I love your post, B! I agree!!
Bamboo, good for you!
Yes, keep taking baby steps ... and one day, you'll look around and catch yourself walking -- on a new path!
For me, baby steps means getting through each day in such a way that benefits ME.
(Not because of self-centeredness but for my health and sanity.)
I.e., I remind myself to mind my own business, to replace the negative thoughts with prayers, and just stay busy -- either through work or play.
Then, repeat the next day. It's a job but pays well!
This does not mean I don't love my AC or am not concerned anymore.
It does mean I now realize that I can't do one thing about her choices -- except let myself get stressed out and even sick over them.
And I don't want that anymore.
I keep reminding myself to enjoy my life. (Yes, I'm still in the battle, too ...)
We only get one -- and our days are numbered.
Fill the days with 'good' things, however 'small' they seem.
(read good book, eat good food, reach out to others, take a walk, notice the beauty of nature, shop, decorate the house or garden, take a class, get a pet, or whatever you like to do, but be kind to yourself during this hard time.
I've gathered many pearls here, too -- probably enough to string a necklace! Thanks to all the wise women who are also kind and compassionate to reach out to those hurting.
Often when we're waiting for people and/or circumstances to change, we feel as if the pain is permanent. But healing will come. There is hope!
Shiny, thanks for your great ideas about steps I can take. I seem to do well when there is little to no contact with DD. And I probably should not obsess about the holidays, but they loom large and I just want to get some possible scenarios figured out because they might threaten to undo the good work I am doing now.
One of the traditions that DD and I have is to make holiday cookies for ourselves and our extended family, and we always make extra batches so she can share them with her BFs large extended family with tons of kids (She loooooooves children). And she gets proprietal about the cookies so there are enough for his family, not thinking about OUR family. OK, so in the past two years I have just agreed to this. THIS year, however, I am not even sure I want to go down this cookie baking path, knowing this will again be the case. It will just upset me and cause friction between us. I could try to talk to her about it, but I am afraid it wouldn't go well and she would say, "Well, I thought it was something we always do together that is special, but if that's how you feel, whatever. My mistake." (Dripping with guilt trip). So what to do about that? Perhaps you will think this is a silly, trite thing, but it is symbolic of the main hurts I've had over the last two and a half years, which is her choosing his family over ours time and again.

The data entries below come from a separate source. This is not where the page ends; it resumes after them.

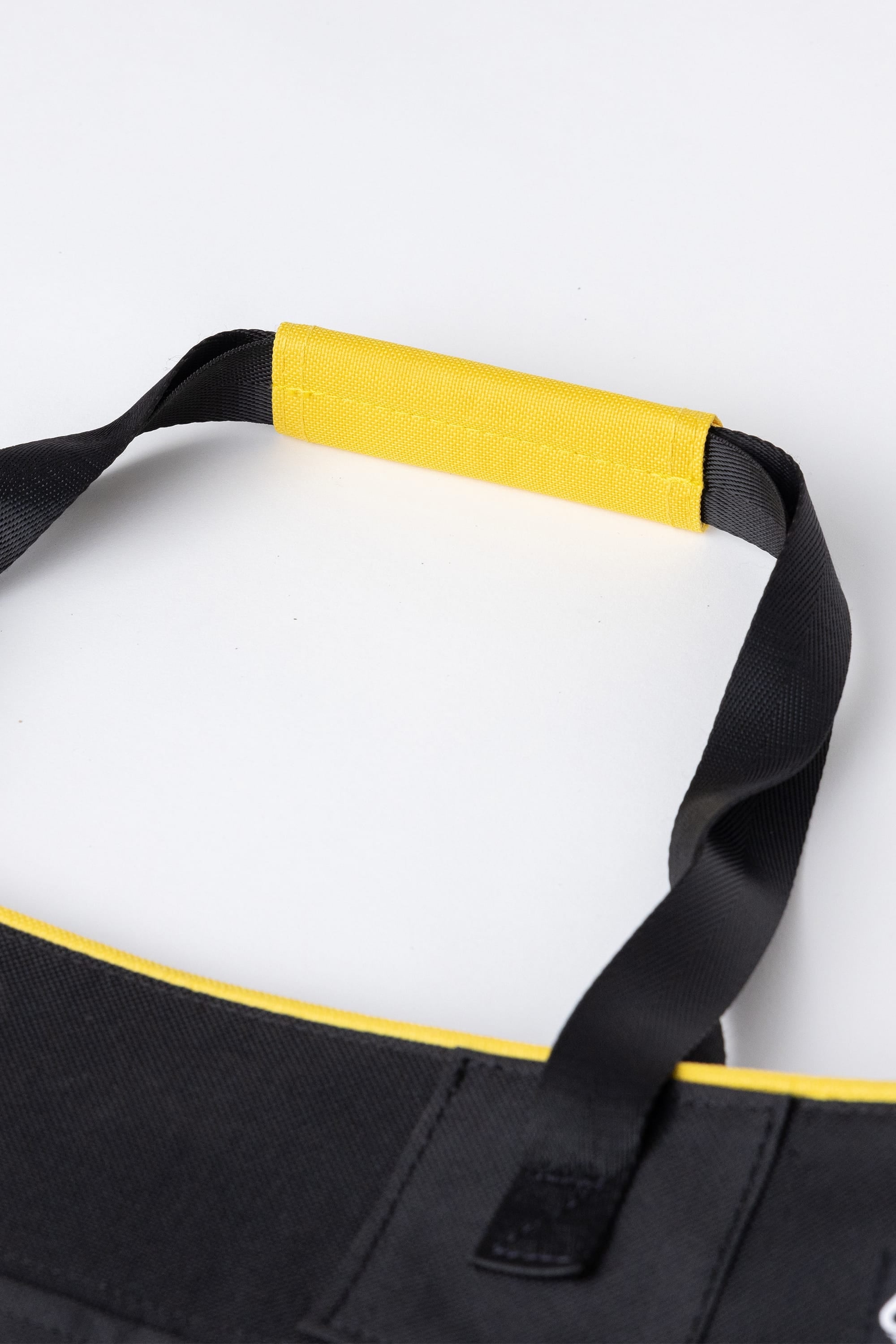 BLACK YELLOW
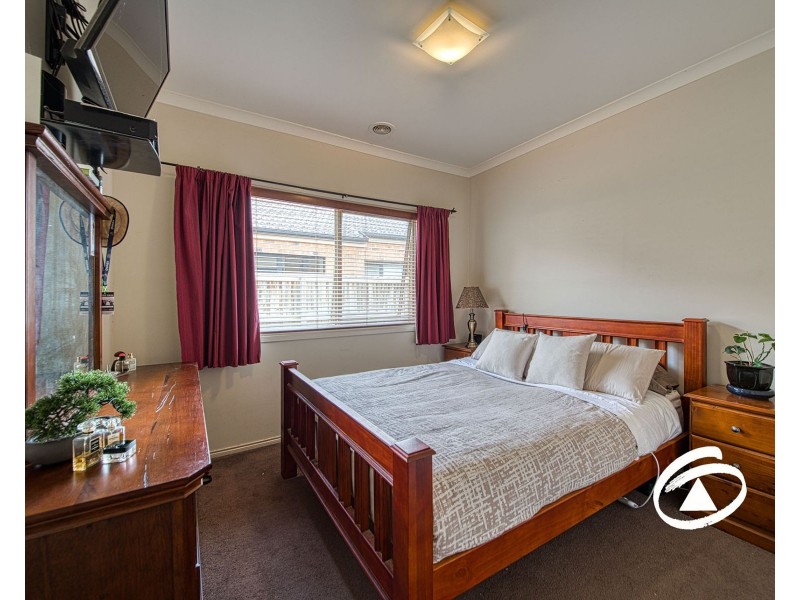 14 Riddell Grove, Pakenham VIC 3810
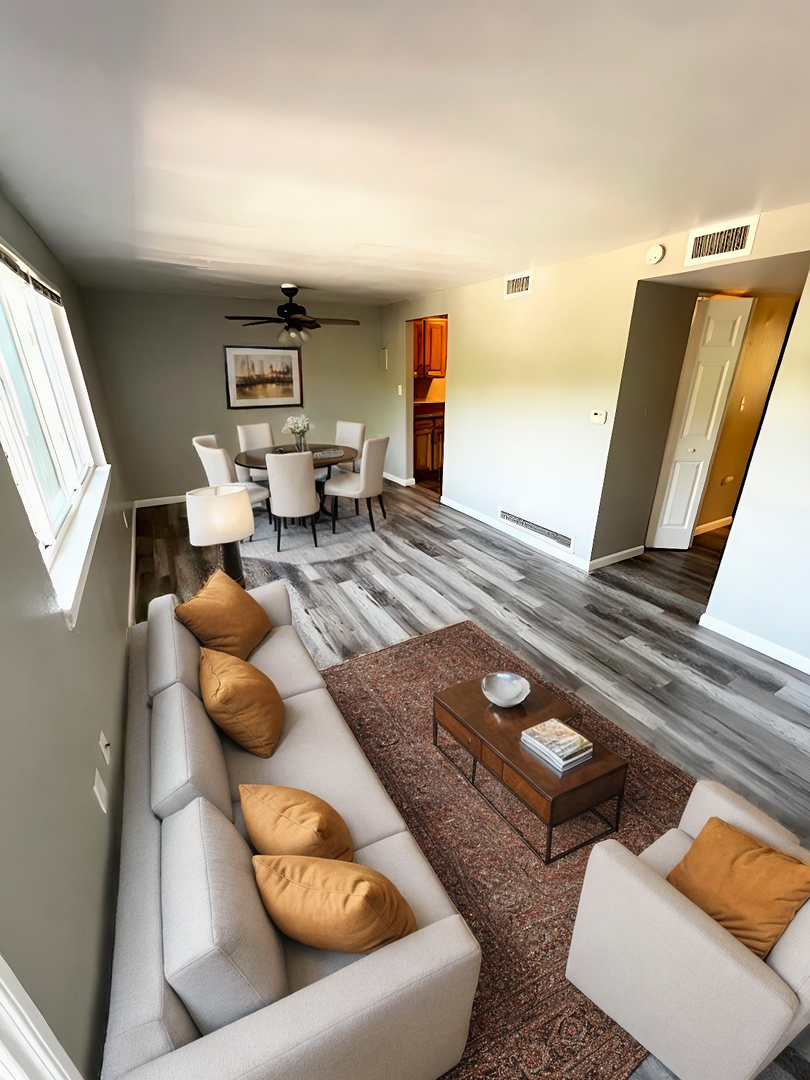 Manitou Springs Apartment: 421 - 425 E Fountain Place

I know that I should extend the invitations for her to join us for the holidays (which means a four or five hour road trip and overnight stay for each holiday for all of us, as both DHs and my family are out of state), and let go of any expectation as to whether she comes or not. The hard part will be interacting with her and avoiding the subject of her BF and his family. I will not bring up his name at all. If she does, I am not sure how to handle it. Lots of things to consider. Any advice?
I'm not sure how to handle this either, B. Just last night I was thinking about different ways to say politely, yet firmly, how very tired I am of hearing about DIL's fabulous golden FOO!
My feelings still get hurt when they come first. There's more to it than simple envy - as you said, it symbolizes other hurts and issues. Other than keeping busy and silent, I don't know how to handle it. I'm afraid to speak up and lose what we've still got.
My take is we can never compete with parents who chose to bring up their children in an environment of entitlement. We chose to be loving teachers and disciplinarians, the ones who said 'no'. We held the purse strings and the activity strings which often put us in an adversarial position.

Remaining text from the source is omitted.